In 1976, a certain Tirso Mariano filed an action for partition of Mariano's estate. The action was opposed by his widow, Irene, and their adopted children, Jose and Erlinda. Irene died in 1988. Jose's heirs and Erlinda were declared as Irene's heirs.

In 2003, Danilo Mariano, as administrator of Irene's estate, demanded upon then City Mayor of Naga, Jesse M. Robredo, to vacate and return the subject property. When the City did not comply, petitioners, as heirs of Jose and Erlinda, filed a Complaint for unlawful detainer against the City. The MTC dismissed the complaint on the ground of lack of jurisdiction. It reasoned that the City’ s defense, which involved a claim of ownership, removed the issue from the case of unlawful detainer. The RTC reversed the dismissal and ruled in favor of petitioners by ordering the City of Naga and the other government agencies occupying the subject property to vacate therefrom and pay back rentals to petitioners.

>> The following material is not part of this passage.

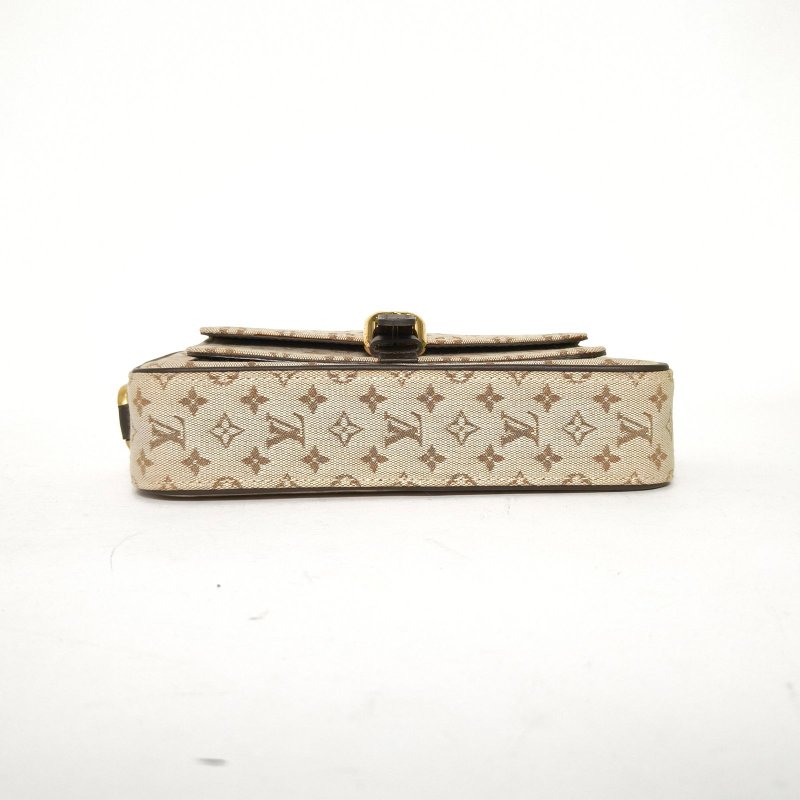 LOUIS VUITTON 米色帆布金扣2001老花單寧相機包斜挎包肩背包-4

On appeal, the Court of Appeals (CA), in an amended decision, overturned the RTC and upheld the dismissal of the MTC. The CA thus concluded that the existence and due execution of the Deed of Donation had been duly established, warranting the dismissal of the ejectment case. The CA also found that petitioners' claim was barred by laches, noting that the City had been in open, public and adverse possession of the subject property for 49 years at the time the ejectment case was filed.

Issue : Whether or not the Petitioners, as heirs of a registered owner of the subject property, have the preferred or better right of possession

Held: Yes! The Court has consistently upheld the registered owners' superior right to possess the property in unlawful detainer cases. A fundamental principle in land registration is that the certificate of title serves as evidence of an indefeasible and incontrovertible title to the property in favor of the person whose name appears therein. It is conclusive evidence as regards ownership of the land therein described, and the titleholder is entitled to all the attributes of ownership of the property, including possession Thus, the Court has time and again reiterated the age-old rule that the person who has a Torrens title over a parcel of land is entitled to possession thereof.

The title to the subject property remains registered in the names of Macario and Gimenez. The alleged Deed of Donation does not appear to have been registered and TCT No. 671 does not bear any inscription of said Deed. It has likewise been constantly emphasized that when the property is registered under the Torrens system, the registered owner's title to the property is presumed legal and cannot be collaterally attacked, especially in a mere action for unlawful detainer. It has even been held that it does not even matter if the party's title to the property is questionable.

It has been held that a certificate of title has a superior probative value as against that of an unregistered deed of conveyance in ejectment cases. As against the City's unregistered claim, the Torrens title in the name of Mariano and Gimenez must prevail, conferring upon the registered owners the better right of possession. This superior or preferred right of possession applies to petitioners as Mariano's hereditary successors who have stepped into said decedent's shoes by operation of law.